• RECORDS FOR PROCESSING
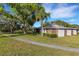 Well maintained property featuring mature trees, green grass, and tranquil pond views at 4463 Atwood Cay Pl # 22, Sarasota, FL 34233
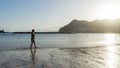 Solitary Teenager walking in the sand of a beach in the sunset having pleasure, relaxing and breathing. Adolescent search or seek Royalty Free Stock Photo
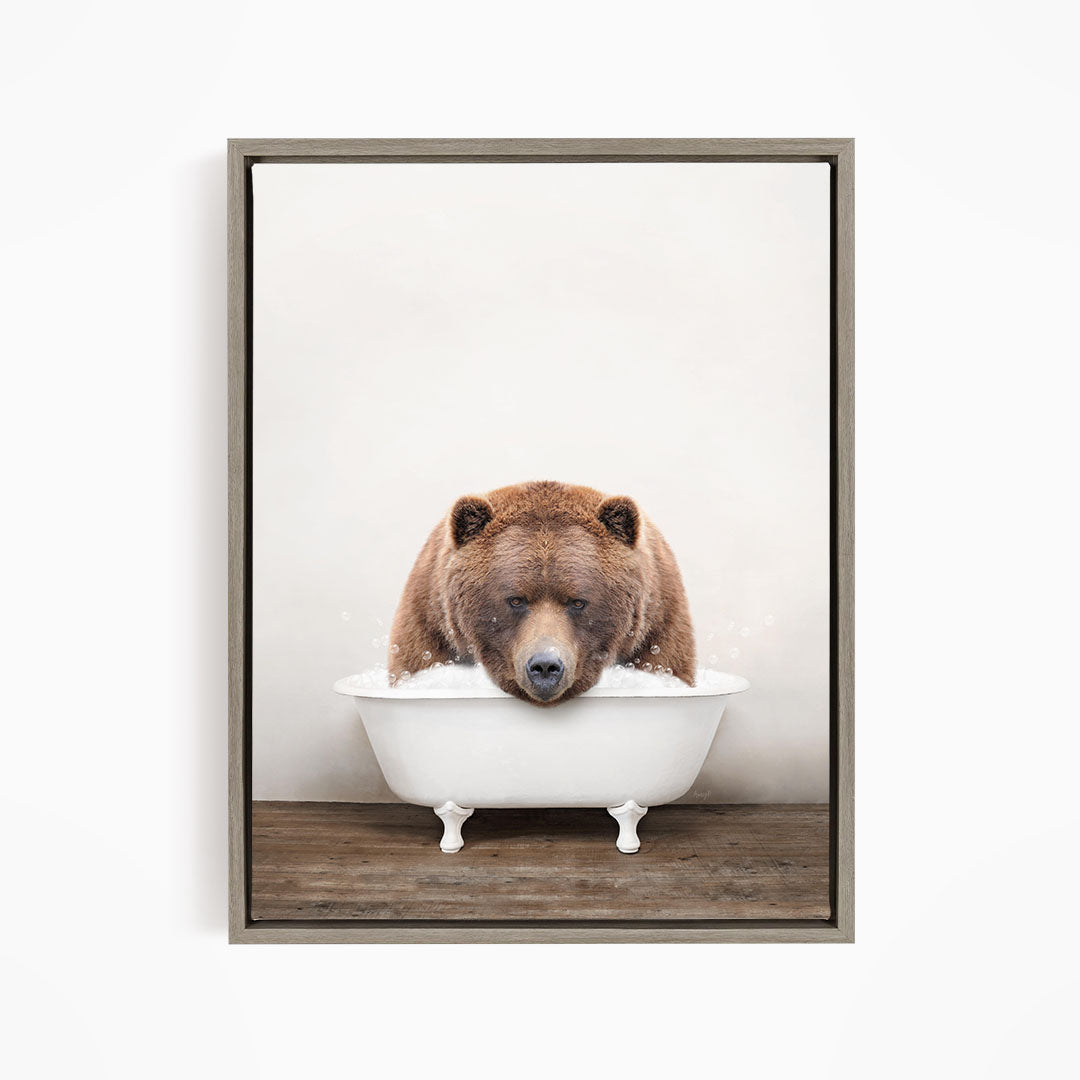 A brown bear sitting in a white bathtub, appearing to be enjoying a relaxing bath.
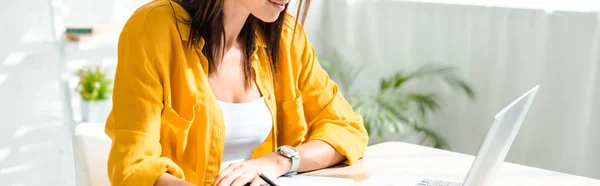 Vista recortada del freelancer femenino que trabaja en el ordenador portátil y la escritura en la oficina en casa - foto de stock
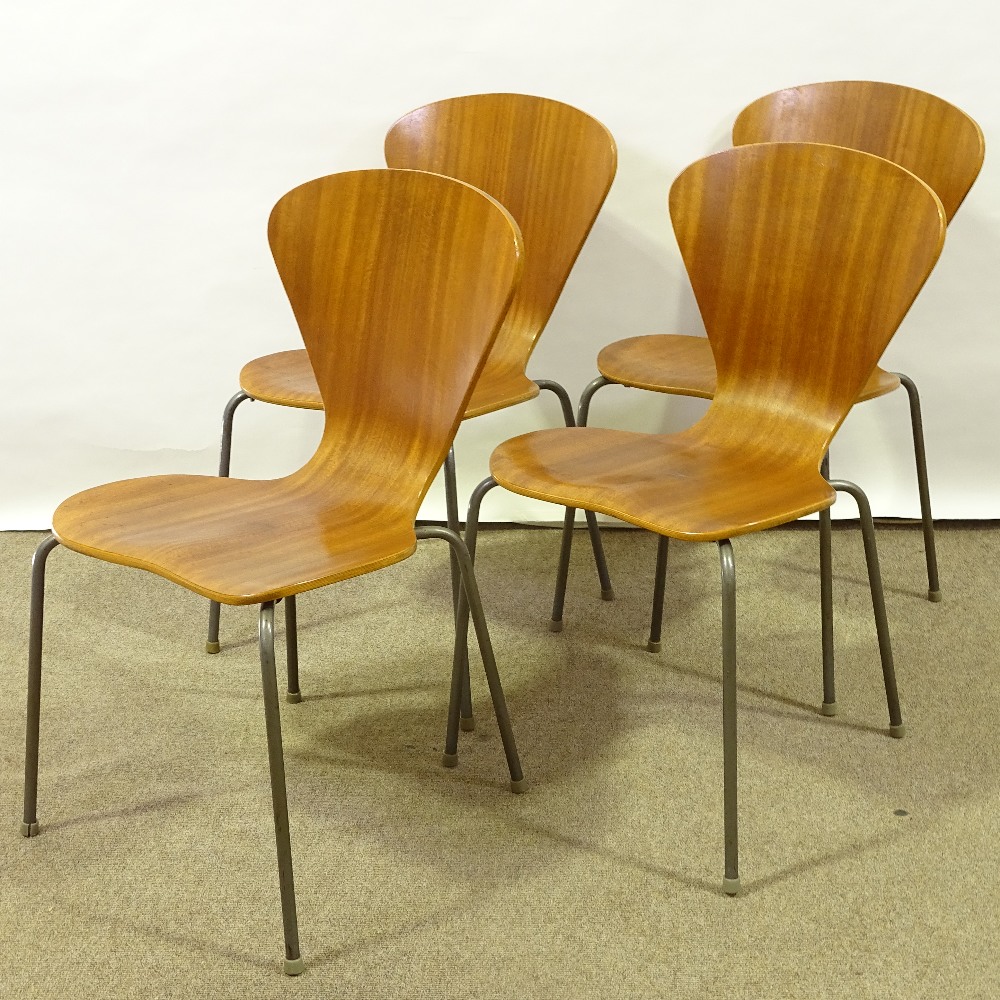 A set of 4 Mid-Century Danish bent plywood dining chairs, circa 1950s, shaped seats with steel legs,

• EXERCISE GOAL
All lines from the line with "Solitary Teenager walking" through the final line of the data, both included, are to be repeated exactly; no other lines and no pictures.

• RESULT OF THIS TASK
 Solitary Teenager walking in the sand of a beach in the sunset having pleasure, relaxing and breathing. Adolescent search or seek Royalty Free Stock Photo
 A brown bear sitting in a white bathtub, appearing to be enjoying a relaxing bath.
 Vista recortada del freelancer femenino que trabaja en el ordenador portátil y la escritura en la oficina en casa - foto de stock
 A set of 4 Mid-Century Danish bent plywood dining chairs, circa 1950s, shaped seats with steel legs,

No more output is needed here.